While the receipt of the Torah clearly continues the salvation/liberation/redemption themes of the prior bone-moments in the text, here we don’t find explicit language that parallels the sense of danger or dread found accompanying the Noah story, the circumcision story or the plague of the death of the firstborn.

But that element is implicitly present. At the Sinai event itself, the people were very much afraid saying to Moses “…let God not speak to us lest we die.”

So, the peril-and-deliverance theme is maintained.

The Fifth Bone

The fifth bone is found just a few verses after the fourth and, in this case, the coincidence of peril and preservation is clear.

The verses commanding the observation of Yom Kippur begin at Leviticus 23:26:

“The Lord spoke to Moses, saying: Mark the tenth day of this seventh month (it) is the Day of Atonement…any person who does not practice self-denial throughout that day shall be cut off from his kin; and whoever does any work b’etzem ha-yom ha-zeh, I will cause that person to perish from among his people.

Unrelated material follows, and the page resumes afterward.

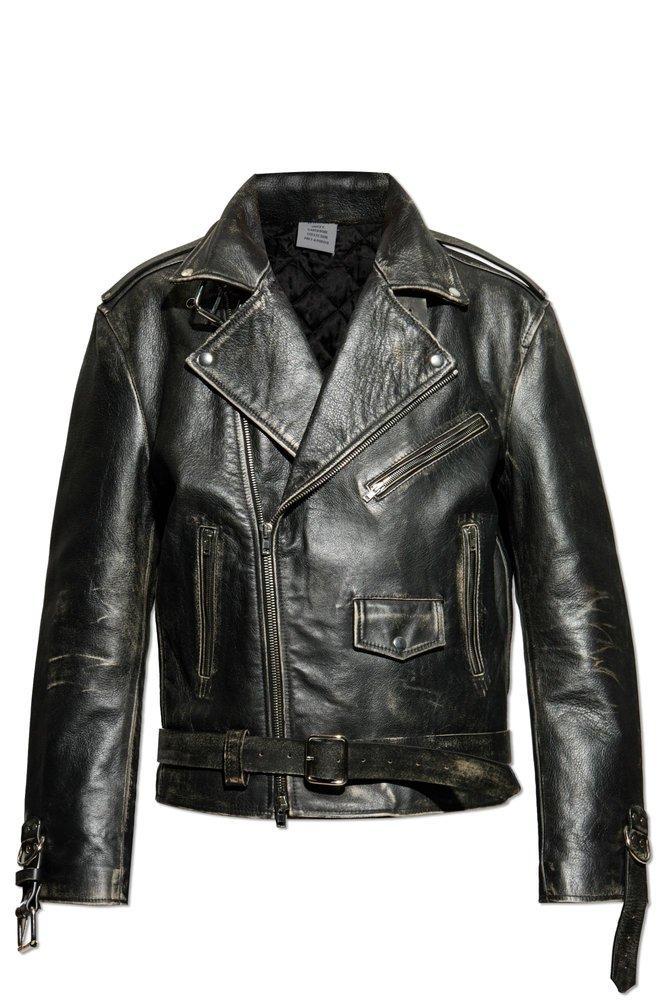 Burnished-leather Jacket In Black Product Image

If Yom Kippur were not described in the language of the bone, we might question the idea that its use represents a uniquely consequential moment. If Yom Kippur is not a day of special consequence; a day of both danger and salvation; then no other day in our calendar can be.

But our language of consequence is, in fact, found here.

Yom Kippur is, indeed, then and now, a bone of a day.

The Sixth Bone

The next b’etzem day is not found until we reach Parashat Ha’azinu at Deuteronomy 32:48:

Moses has just finished reciting the poem that begins “Give ear, O Heavens…” And after its recitation he warns the people to take the words of the poem to heart and to:

“…enjoin them upon your children, that they may observe faithfully all the terms of this Teaching. For this is not a trifling thing for you; it is your very life; through it you shall long endure on the land that you are to possess upon crossing the Jordan”

Immediately after having made it clear that the words he has spoken to them are their “very life” verse 48 reads:

“And God spoke to Moses b’etzem ha-yom ha-zeh: Ascend these heights of Abarim to Mount Nebo, which is in the land of Moab facing Jericho, and view the land of Canaan, which I am giving the Israelites as their holding. You shall die on the mountain that you are about to ascend.”

Could the departure of Moses, who had led them out of Egypt and through the desert; their protector and teacher, their judge and intermediary; not have been a dry, brittle, bone-hard parting?

The Seventh Bone

The last time the phrase b’etzem ha-yom ha-zeh is found in the Bible is in the Book of Joshua. The day it describes is a fitting culmination and remembrance of the six prior appearances.

Joshua had assumed the leadership of the Israelites and had brought them across the Jordan. It was on “the tenth day of the first month”, the anniversary of the day in Egypt on which the Passover sacrifice was commanded.

There is a leadership reference here, a Passover reference and a reference to the crossing of water into a new land. We also have a reference back to Abraham as we read in Chapter 5 verse 2:

“At that time the Lord said to Joshua, ‘Make flint knives and proceed with a second circumcision of the Israelites.’”

“After the circumcising of the whole nation was completed, they remained where they were, in the camp, until they recovered”

and then, on what must have been the 14th day of the month,

“They ate of the produce of the country, unleavened bread and parched grain, b’etzem ha-yom ha-zeh

“And on that same day, when they ate of the produce of the land, the manna ceased.”

What a day that must have been!

Finally, they crossed the Jordan into the land that had been promised, they have suffered the mark of the covenant in their flesh, they have lost their leader and prophet, they have lost their miraculous sustenance and they eat of the bread of affliction.

It was a day like no other. A very bone of a day. The last of its kind.

As Noah entered the ark and Abraham entered the covenant. As the slaves were spared the plague of the first born, offered the Passover sacrifice, and crossed the water to freedom. As they received the word of God at Sinai and saw Moses climb to his death.

The days that were like bones marked the journey of Israel from the time of Noah to the land of their promise.

Days of such moment that the moments are like bone.